The issue then was slavery, but the Pike County legislator touched upon other topics which still draw national discussion.
Henderson gave the speech at Hannibal on Aug. 20, 1862. He had just returned from a very dramatic first six months in the U.S. Senate, where he cultivated a friendship with President Abraham Lincoln that would have historic consequences.
A Democrat who became a Republican at the outset of the Civil War a year earlier, Henderson’s elegant phrasing also pointed the way toward reconciliation.
The senator’s view that the government in 1862 was “in imminent danger of destruction” would align with what many progressives now claim about the efforts of conservatives. Likewise, conservatives could argue that actions by progressives match with Henderson’s regret that “personal liberty can scarcely be guarded beneath the shield of the Constitution” anymore.

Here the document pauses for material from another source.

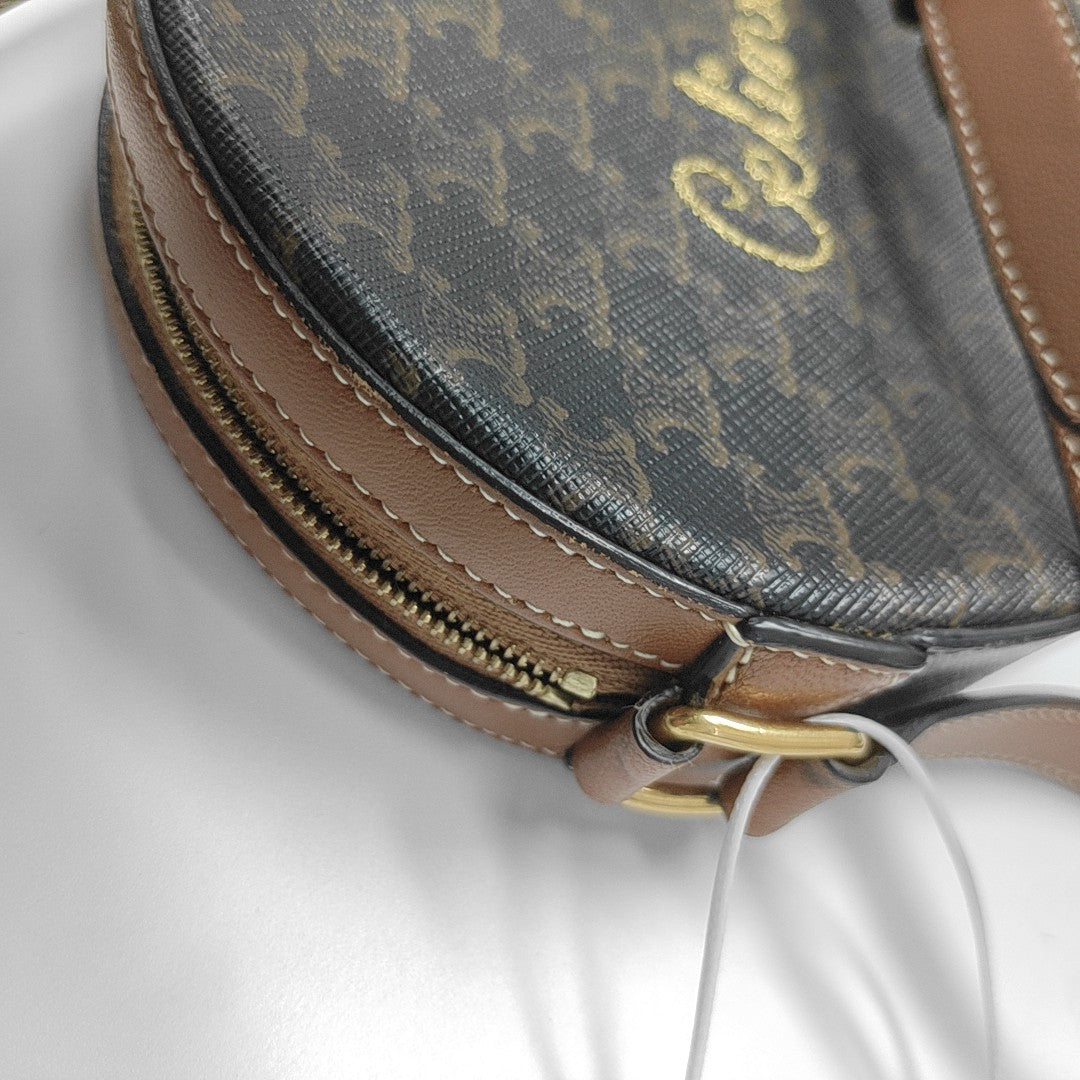 Coated Canvas Shoulder Bag Brown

Though he certainly couldn’t have foreseen violence that erupted in American cities over the last several years, Henderson lamented that the “torch of rebellion is being touched to our dwellings, and wanton barbarity runs riot over the land.”
Henderson feared that “the gaunt forms of poverty and want stand near, threatening to advance amid the ruins of a once great and prosperous nation, touching with icy fingers the very victims of despair who, but yesterday, were the recipients of freedom’s richest bounties.”

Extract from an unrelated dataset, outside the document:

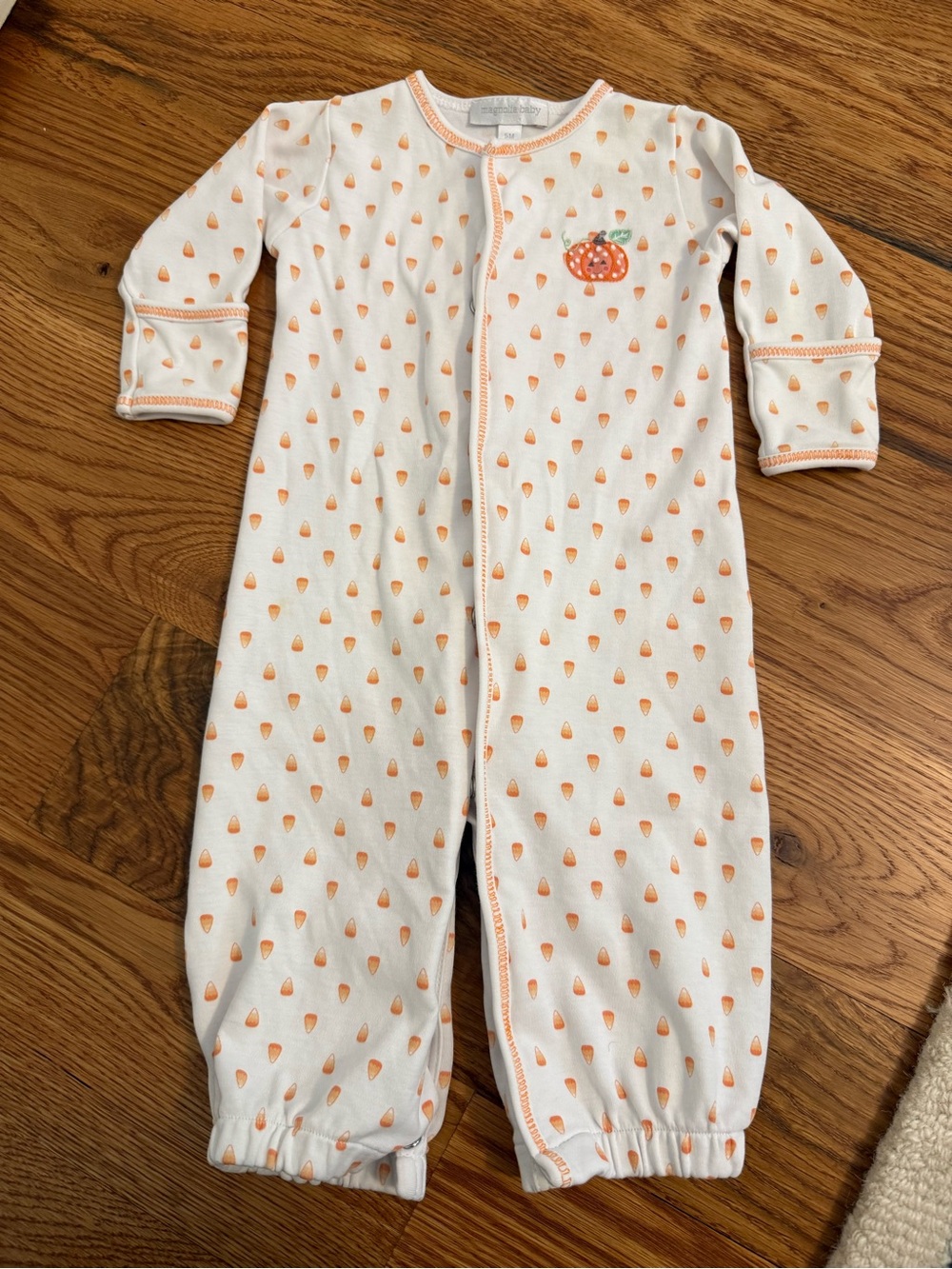 Magnolia Baby Halloween Candy Corn Pumpkin Converter Gown Romper Size Small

The senator referred to the war as one of “partisan prejudice, of political ambition, aided by false theories of commercial policy and an inveterate hatred of democratic equality.”

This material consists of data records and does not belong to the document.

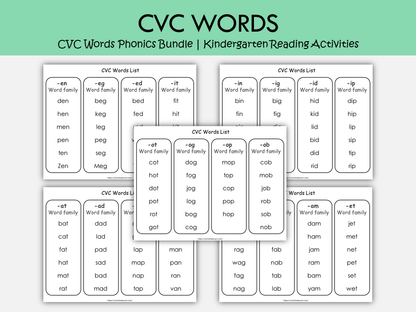 CVC Words Phonics Bundle Printable | 110 Kindergarten Reading Activities, Short Vowel Worksheets & Word Family Games, WWF256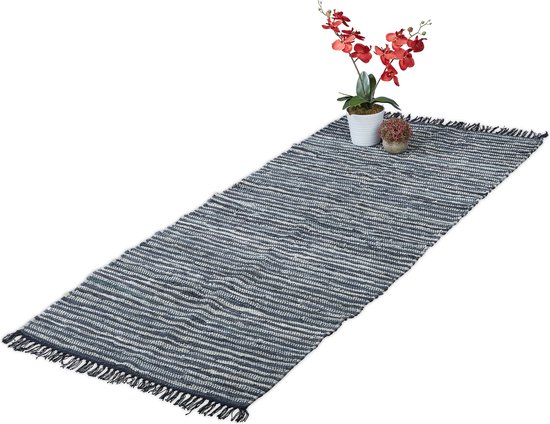 Relaxdays vloerkleed - leder en katoen - tapijt - antislip - chill mat - lappen - franjes - Grijs, 80x200cm
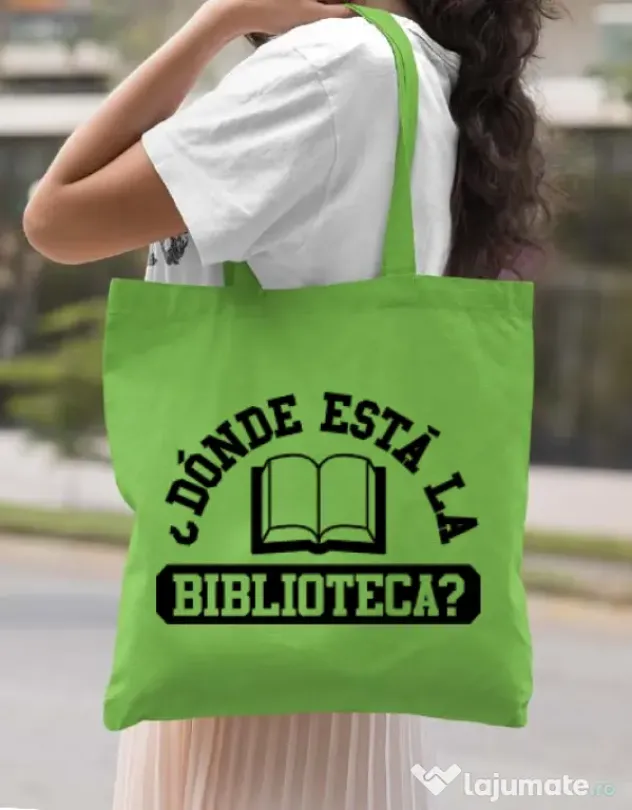 Sacosa din panza Donde esta la biblioteca Verde mar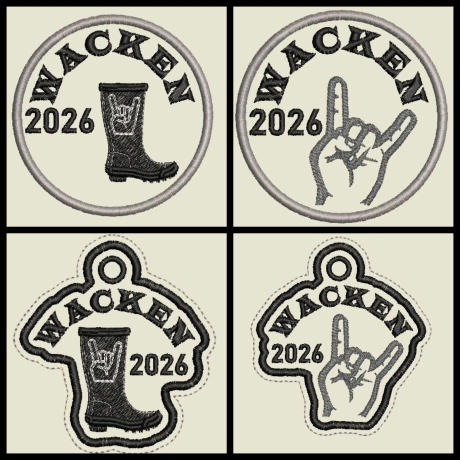 Ferberline Stickdatei ITH Anhänger Set Wacken 2026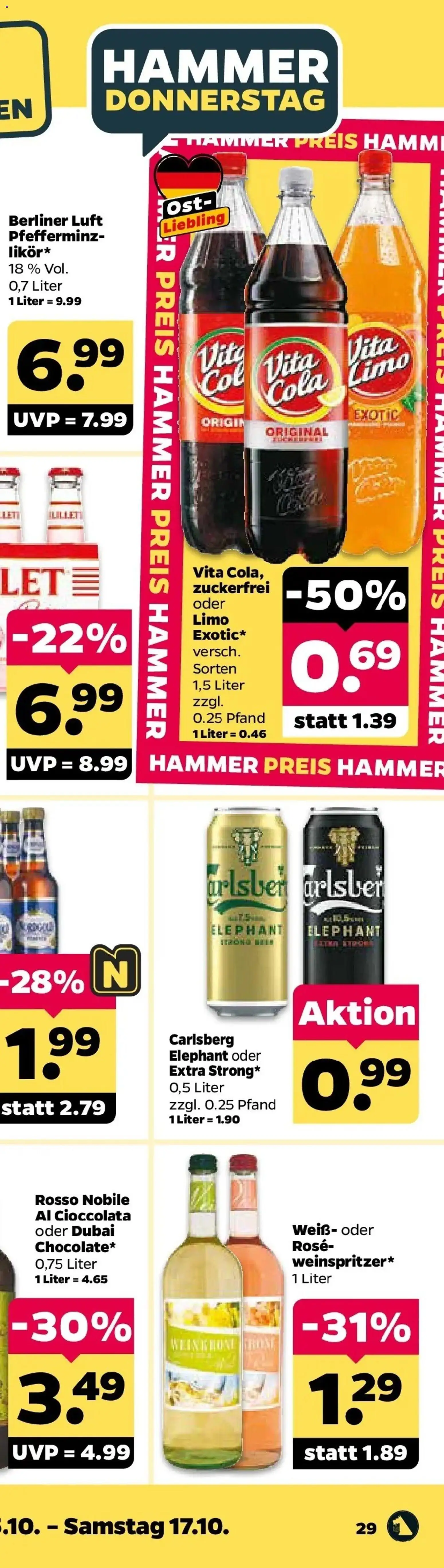 Netto Aktueller Prospekt ab 12.10.2026 → Angebote nächste Woche | Seite: 72 | Produkte: Berliner, Carlsberg, Cola, Vita cola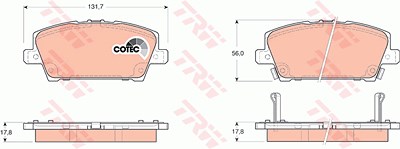 TRW Bremsbelagsatz GDB3407 Bremsbeläge,Bremsklötze HONDA,CIVIC VIII Hatchback (FN, FK),CIVIC VIII Stufenheck (FD, FA)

The speech is sometimes contradictory, and Henderson comes nowhere close to anything resembling the 13th amendment, which he would draft and introduce in the Senate a little less than two years later.
His newly-formed relationship with Lincoln also is downplayed. At that point, he was more concerned about the financial cost of the war than freeing four million people held in bondage.
“Let the prejudices of the past be buried with the past,” Henderson said. “A terrible revolution is sweeping over the country, and a public debt is being rapidly contracted that threatens to make paupers of us all.”
At the time, Henderson and Lincoln were discussing gradual, compensated emancipation in which “owners” would receive money for freeing their slaves. There also were talks about colonization – carving out a place where freed slaves could govern themselves.
One thing Henderson was adamant about was that Missouri stay in the Union. While he wasn’t certain about a permanent solution, Henderson believed divisions would not end until slavery was eliminated.
“We, above all people, have suffered from this war,” he told the Hannibal crowd. “We are doomed to suffer yet more, unless we at once assume an attitude towards this rebellion that places us far beyond the hopes of treason.”
The North’s approach should be total war, Henderson argued, with none of the misguided “compromise and concession” that led to the first shots being fired.
“National existence is the synonym of national integrity,” he proclaimed.
Within a year, Lincoln would ask Northern states to sign up additional troops. Henderson supported the idea – and looked ahead to what he believed would be Missouri’s national leadership role.
“In this work of patriotism, Missouri should be no laggard,” he said. “Let her be the first to send her regiments to the field, as she is destined to be first among the States of the Union when peace returns.”